My fix is below. Basically ip_mc_output() is split into two parts. The 1st
part calls NF_HOOK once, and the second part then calls
ip_dev_loopback_xmit() and ip_finish_output2() directly. The packet is
therefore only defrag'ed (and re-fragmented) once and the 2nd function is
called twice to both forward and loop back the fragments. It seems to work
fine for me, but I want to make sure I didn't break anything else - we need
to ship this code soon!
Thanks for looking,
Brian
diff -c -r1.1.1.2 ip_output.c
*** ip_output.c 2001/02/26 19:05:22 1.1.1.2
--- ip_output.c 2001/11/26 00:08:33
***************
*** 193,212 ****
{
struct sock *sk = skb->sk;
struct rtable *rt = (struct rtable*)skb->dst;
- struct net_device *dev = rt->u.dst.dev;
-
- /*
- * If the indicated interface is up and running, send the
packet.
- */
- IP_INC_STATS(IpOutRequests);
- #ifdef CONFIG_IP_ROUTE_NAT
- if (rt->rt_flags & RTCF_NAT)
- ip_do_nat(skb);
- #endif
- skb->dev = dev;
- skb->protocol = __constant_htons(ETH_P_IP);
-
/*
* Multicasts are looped back for other local users
*/
--- 193,199 ----
***************
*** 226,234 ****
{
struct sk_buff *newskb = skb_clone(skb, GFP_ATOMIC);
if (newskb)
! NF_HOOK(PF_INET, NF_IP_POST_ROUTING, newskb,
NULL,
! newskb->dev,
! ip_dev_loopback_xmit);
}
/* Multicasts with ttl 0 must not go beyond the host */
--- 213,219 ----
{
struct sk_buff *newskb = skb_clone(skb, GFP_ATOMIC);
if (newskb)
! ip_dev_loopback_xmit(newskb);
}
/* Multicasts with ttl 0 must not go beyond the host */
***************
*** 242,252 ****
if (rt->rt_flags&RTCF_BROADCAST) {
struct sk_buff *newskb = skb_clone(skb, GFP_ATOMIC);
if (newskb)
! NF_HOOK(PF_INET, NF_IP_POST_ROUTING, newskb, NULL,
! newskb->dev, ip_dev_loopback_xmit);
}
! return ip_finish_output(skb);
}
int ip_output(struct sk_buff *skb)
--- 227,258 ----
if (rt->rt_flags&RTCF_BROADCAST) {
struct sk_buff *newskb = skb_clone(skb, GFP_ATOMIC);
if (newskb)
! ip_dev_loopback_xmit(newskb);
}
+
+ return ip_finish_output2(skb);
+ }
+
+ int ip_mc_output(struct sk_buff *skb)
+ {
+ struct rtable *rt = (struct rtable*)skb->dst;
+ struct net_device *dev = rt->u.dst.dev;
+
+ /*
+ * If the indicated interface is up and running, send the
packet.
+ */
+ IP_INC_STATS(IpOutRequests);
+ #ifdef CONFIG_IP_ROUTE_NAT
+ if (rt->rt_flags & RTCF_NAT)
+ ip_do_nat(skb);
+ #endif
+
+ skb->dev = dev;
+ skb->protocol = __constant_htons(ETH_P_IP);
! /* this will defrag if necessary */
! return NF_HOOK(PF_INET, NF_IP_POST_ROUTING, skb, NULL, dev,
! ip_mc_output2);
}
int ip_output(struct sk_buff *skb)
-----Original Message-----
From: Brian Kuschak
Sent: Wednesday, November 21, 2001 1:15 PM
To: 'netfilter-devel@lists.samba.org'
Subject: IP fragments being dropped
My netfilter is dropping all fragmented UDP packets (larger than 1472
bytes).

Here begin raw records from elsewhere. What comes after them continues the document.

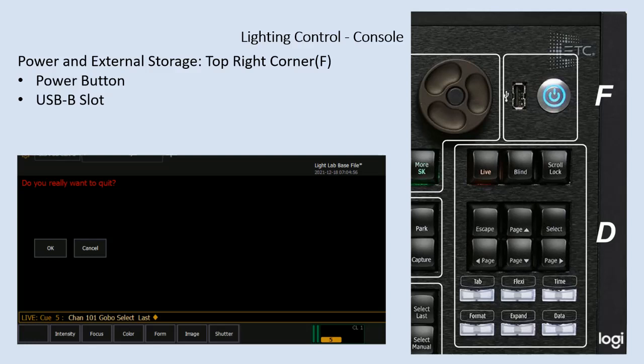Next is the power and external storage. It's all the way in the upper right hand corner of the console and you can see this illuminated power button. So the power button and then a slot for USB storage.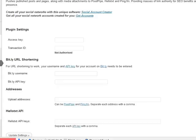Hey guys, Abz here. I'm going to be showing you a quick demonstration of how to get your upload addresses from Ping.fm and PixelPipe, and I'll also be showing you how to get your HelloText API key as well.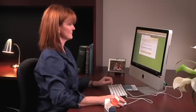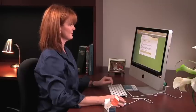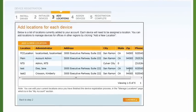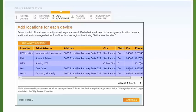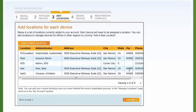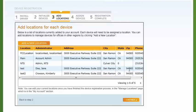When initialization is complete, click Continue. The next step allows you to add locations to your account. The locations currently associated with your account are displayed. You can create a new location to manage devices for offices in other regions by clicking Add a new location. If you don't need to create a new location, click Continue to proceed to Assign Devices.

Packets smaller than this are routed fine. I have a single
masquerading rule in iptables for all packets exiting on ppp0. The packets
in question are arriving on eth2 and exiting on eth1. When netfiler is
removed, fragments are routed properly.
For several reasons, I am forced to use an older kernel - 2.4.3. I see that
the fragment-handling has changed somewhat in the newer kernels. I suspect
the conntrack code is not defragmenting properly.
Can anyone provide any insight on what might need to be tweaked to get this
working on this older kernel?
Thanks,
Brian